Form 8-K

 

SECURITIES AND EXCHANGE COMMISSION

Washington, D.C. 20549

 


 

FORM 8-K

 


 

CURRENT REPORT Pursuant to Section 13 or 15(d) of the Securities Exchange

Act of 1934

 

Date of Report: August 19, 2005

 


 

ACT Teleconferencing, Inc.

(Exact name of registrant as specified in its charter)

 

Colorado   0-27560   84-1132665
(State of Incorporation)   (Commission File No.)   (IRS Employer Identification No.)

 

(303) 233-3500

(Registrant’s telephone number)

 

1526 Cole Boulevard, Suite 300, Golden, Colorado   80401
(Address of principal executive offices)   (Zip Code)

 

Check the appropriate box below if the Form 8-K filing is intended to simultaneously satisfy the filing obligation of the registrant under any of the following provisions (see General Instruction A.2. below):

 

¨ Written communications pursuant to Rule 425 under the Securities Act (17 CFR 230.425)

 

¨ Soliciting material pursuant to Rule 14a-12 under the Exchange Act (17 CFR 240.14a-12)

 

¨ Pre-commencement communications pursuant to Rule 14d-2(b) under the Exchange Act (17 CFR 240.14d-2(b))

 

¨ Pre-commencement communications pursuant to Rule 13e-4(c) under the Exchange Act (17 CFR 240.13e-4(c))

 



Item 1.01. Entry into a Material Definitive Agreement

 

On June 30, 2005, the Company entered into a Securities Purchase Agreement (the “Purchase Agreement”) with Dolphin Direct Equity Partners, LP (“Dolphin”), pursuant to which the Company agreed to sell, and Dolphin agreed to purchase, up to 160,000 shares of the Company’s newly-created Series AA Convertible Preferred Stock (the “Preferred Stock”).

 

As provided by the Purchase Agreement, the Company held a special meeting of its shareholders on August 15, 2005, at which the Company’s shareholders approved the transactions contemplated by the Purchase Agreement. On August 19, 2005, the parties conducted the initial closing as contemplated by the Purchase Agreement. In connection with the initial closing, the Company entered into an Investor Rights Agreement and a Management Services Agreement with Dolphin and Employment Agreements with certain of the Company’s officers.

 

Under the Investor Rights Agreement, the Company agreed to register with the SEC, upon demand of the holders of a majority in interest of the Preferred Stock and shares of underlying common stock (determined as if all shares of Preferred Stock then outstanding had been converted into shares of such common stock), the resale of at least 130% of the shares of common stock issuable upon conversion of the Preferred Stock . The Company is only obligated to effect such registration (i) to the extent the aggregate offering price of the shares to be registered by the Company is not less than $5.0 million; and (ii) following the second anniversary of the initial closing, and is required to use its best efforts to have such registration declared effective as soon as practicable, but not later than 90 calendar days after the requisite number of shareholders requests such registration.
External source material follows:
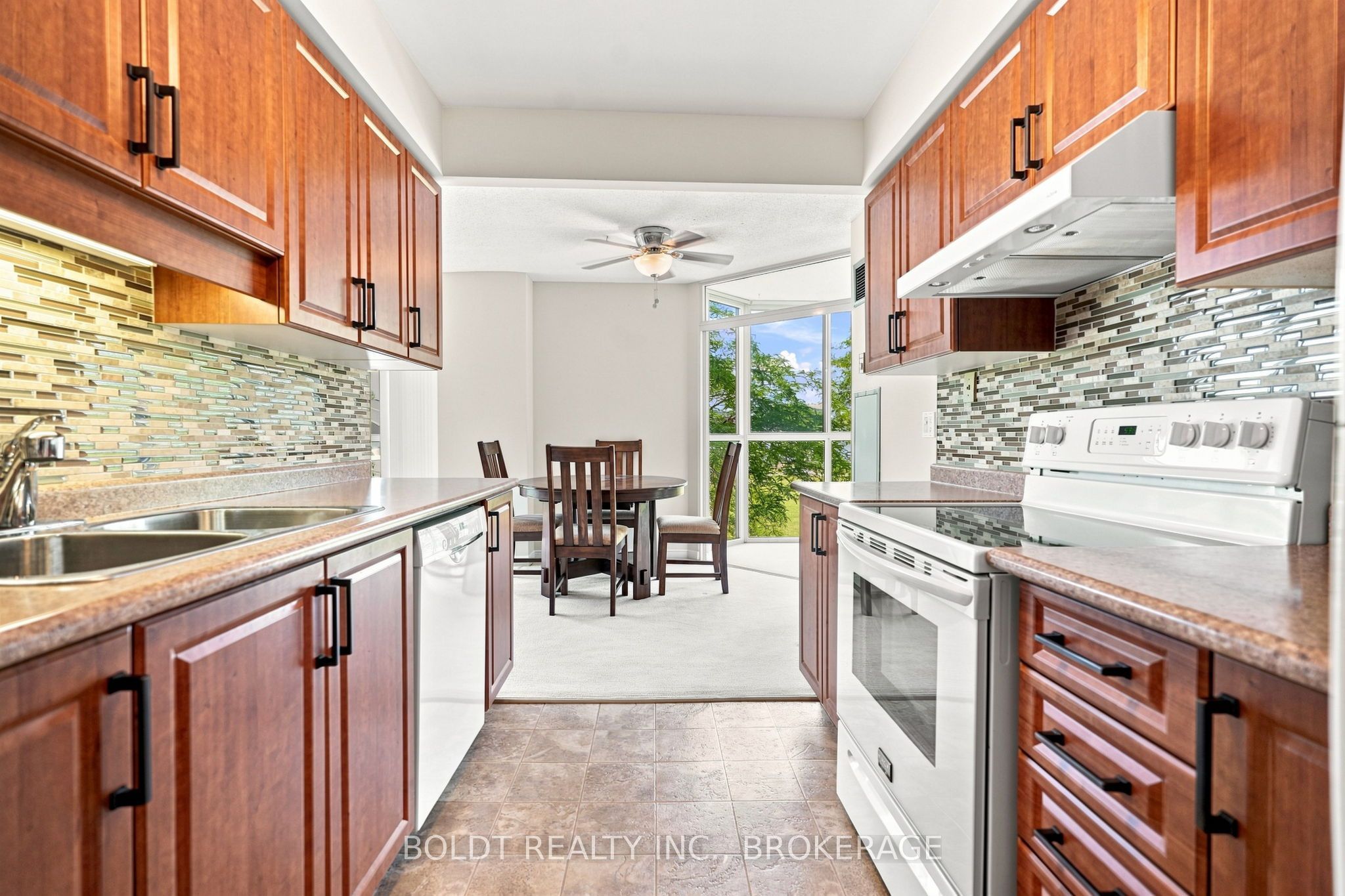 162 Martindale Road 306 Property Photo 17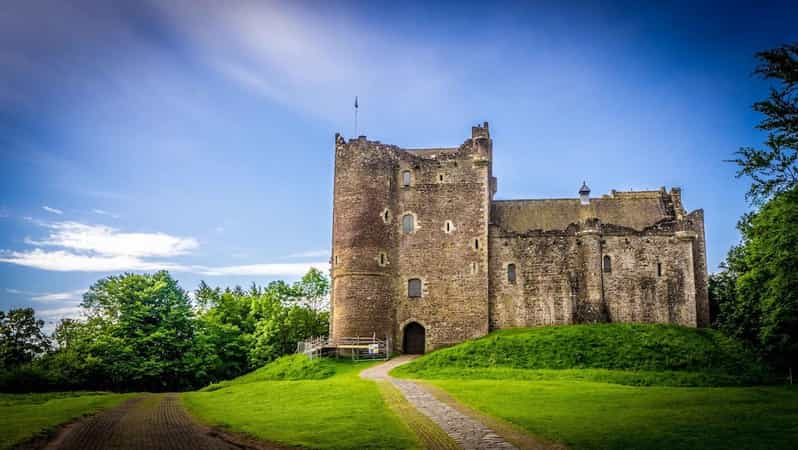 (From Edinburgh) Highland Hike, Loch Paddle, and Castles - Hiking Experience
In the event the Company does not timely satisfy its registration obligations under the Investor Rights Agreement, the Company agrees to make a payment to each holder of Preferred Stock equal to 2% of such shareholder’s original investment for each 30 days in which such registration is not effective or available. The Investor Rights Agreement also provides the holders of Preferred Stock with piggy-back registration rights in the event the Company files a registration statement on Form S-1, S-2 or S-3 to register sales of common stock. The Investor Rights Agreement provides that the Company will bear all expenses of the registrations contemplated by the agreement, and will pay the shareholders’ reasonable costs in connection with such registrations, including legal fees and disbursements, up to an aggregate amount of $15,000.

 

The Investor Rights Agreement also provides that for so long as Dolphin and its affiliates collectively own at least 50% of the Preferred Stock or underlying shares of common stock, the Company will maintain a Board of Directors consisting of seven members, five of whom shall be appointed by Dolphin, or five members, three of whom shall be appointed by Dolphin, with the size of the Board of Directors to be determined by Dolphin. See Item 5.02 below. The agreement also provides that the Company may not take certain actions without the approval of a majority of the Board of Directors including the affirmative vote of the directors designated by Dolphin, including engaging in any acquisition of stock or assets of a third party; incurring indebtedness; engaging in any merger, consolidation or sale of assets; establishing any subsidiaries; granting any


exclusive rights to intellectual property; granting any exclusive distribution rights; or engaging in any related party transactions.

 

Under the Management Services Agreement, an affiliate of Dolphin is to provide management and consulting services relating to the Company’s business in exchange for a management fee of $320,000 per year. The manager will also be entitled to additional management fees for management services requested by the Company in connection with corporate events such as refinancings, restructurings, equity or debt offerings, business combinations or similar events. The management fee for services relating to such transactions will be equal to 1% of the aggregate consideration paid to or by the Company. The Management Services Agreement continues for as long as Dolphin and any of its affiliates owns at least 50% of the Preferred Stock purchased by Dolphin at the initial closing, or the underlying shares of common stock.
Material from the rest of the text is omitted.